Task input:
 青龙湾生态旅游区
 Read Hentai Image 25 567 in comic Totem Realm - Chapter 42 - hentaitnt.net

==

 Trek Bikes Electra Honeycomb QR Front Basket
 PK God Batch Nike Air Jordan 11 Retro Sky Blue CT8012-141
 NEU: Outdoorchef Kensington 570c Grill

---

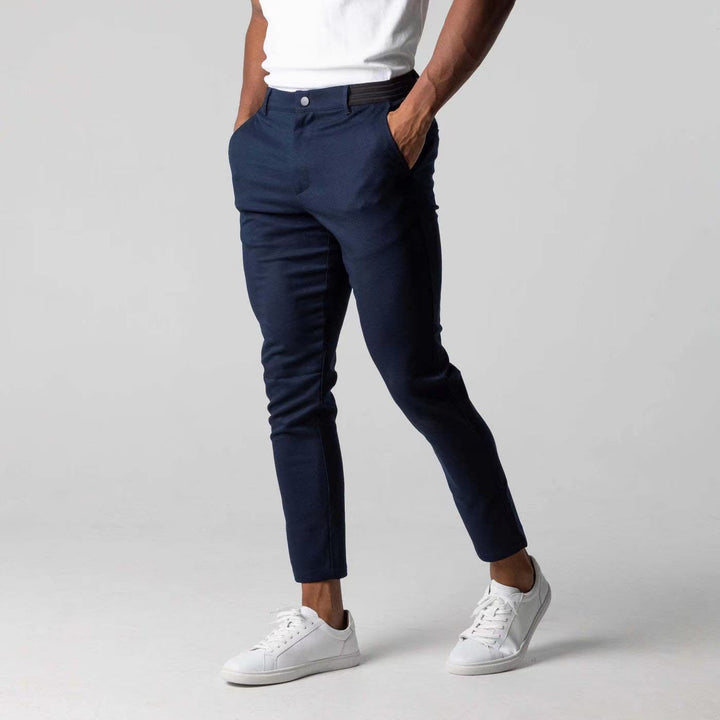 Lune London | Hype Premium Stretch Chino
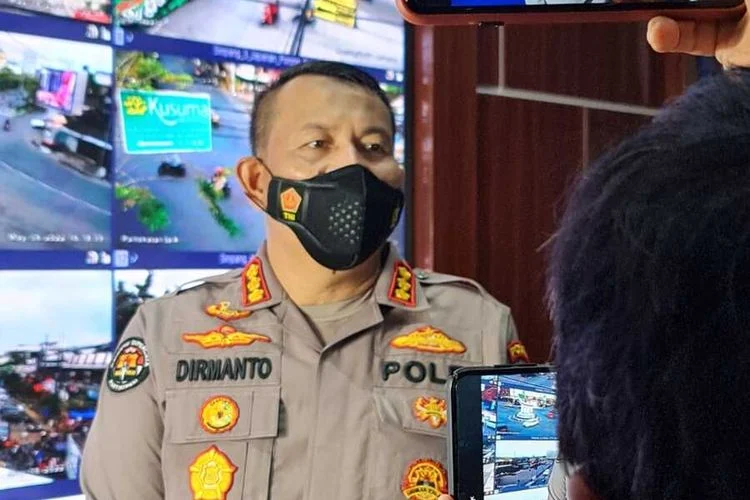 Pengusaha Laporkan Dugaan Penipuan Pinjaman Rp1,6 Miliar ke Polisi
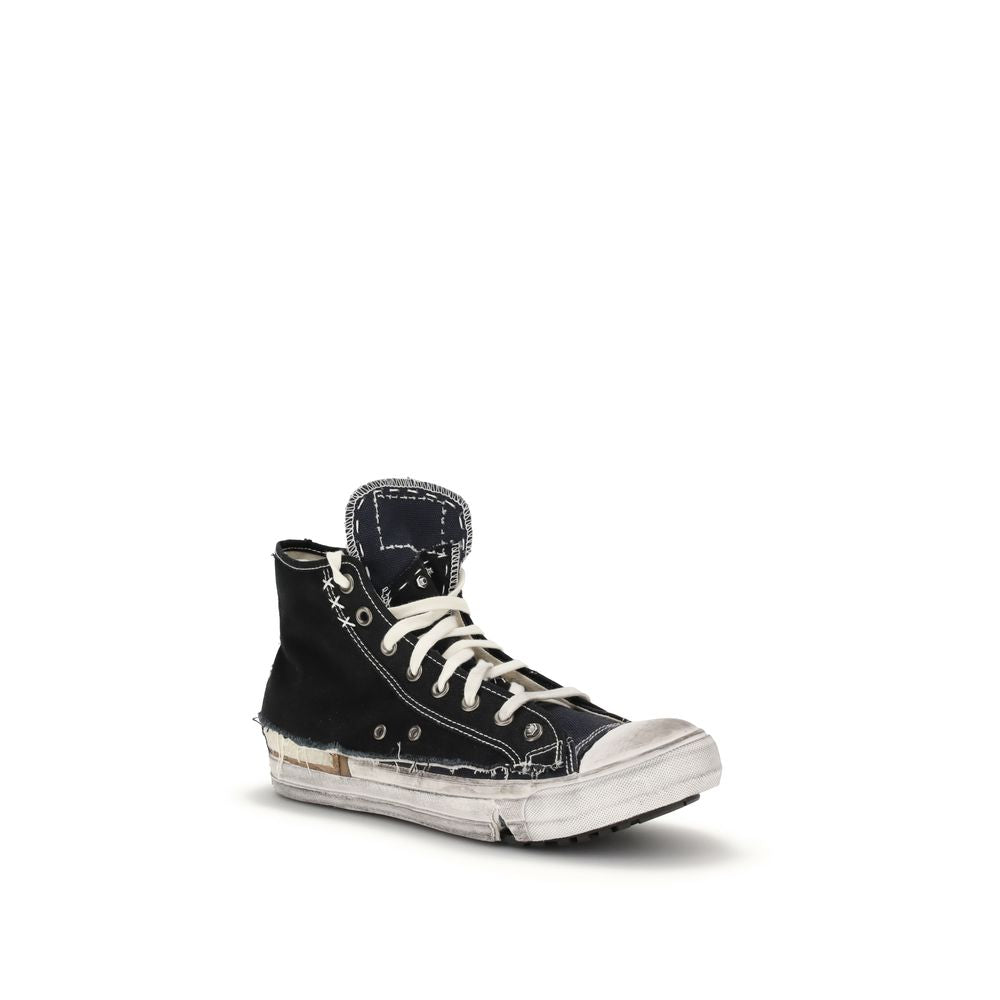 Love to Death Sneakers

Instructions to follow: Would you quote everything above from the line containing "PK God Batch" down to the line containing "NEU: Outdoorchef Kensington 570c Grill"? Include both of those lines and nothing else.

Solution to this task:
 PK God Batch Nike Air Jordan 11 Retro Sky Blue CT8012-141
 NEU: Outdoorchef Kensington 570c Grill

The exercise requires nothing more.